What the task requires: Reproduce only the top of the records, down to and including the line containing "May include: A".

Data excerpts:

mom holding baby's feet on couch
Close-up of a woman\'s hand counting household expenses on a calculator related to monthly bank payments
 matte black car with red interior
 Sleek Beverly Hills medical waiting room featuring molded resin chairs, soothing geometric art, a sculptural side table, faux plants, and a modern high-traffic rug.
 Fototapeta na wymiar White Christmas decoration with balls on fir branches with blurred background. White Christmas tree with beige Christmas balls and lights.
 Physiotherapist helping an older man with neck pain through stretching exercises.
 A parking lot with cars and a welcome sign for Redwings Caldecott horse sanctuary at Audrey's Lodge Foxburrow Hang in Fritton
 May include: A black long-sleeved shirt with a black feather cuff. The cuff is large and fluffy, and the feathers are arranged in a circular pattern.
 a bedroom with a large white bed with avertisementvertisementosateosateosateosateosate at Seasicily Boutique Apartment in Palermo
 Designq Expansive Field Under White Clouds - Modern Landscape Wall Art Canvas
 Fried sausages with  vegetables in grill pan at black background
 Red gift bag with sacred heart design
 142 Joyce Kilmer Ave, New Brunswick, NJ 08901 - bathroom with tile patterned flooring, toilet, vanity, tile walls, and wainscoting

Your solution:
mom holding baby's feet on couch
Close-up of a woman\'s hand counting household expenses on a calculator related to monthly bank payments
 matte black car with red interior
 Sleek Beverly Hills medical waiting room featuring molded resin chairs, soothing geometric art, a sculptural side table, faux plants, and a modern high-traffic rug.
 Fototapeta na wymiar White Christmas decoration with balls on fir branches with blurred background. White Christmas tree with beige Christmas balls and lights.
 Physiotherapist helping an older man with neck pain through stretching exercises.
 A parking lot with cars and a welcome sign for Redwings Caldecott horse sanctuary at Audrey's Lodge Foxburrow Hang in Fritton
 May include: A black long-sleeved shirt with a black feather cuff. The cuff is large and fluffy, and the feathers are arranged in a circular pattern.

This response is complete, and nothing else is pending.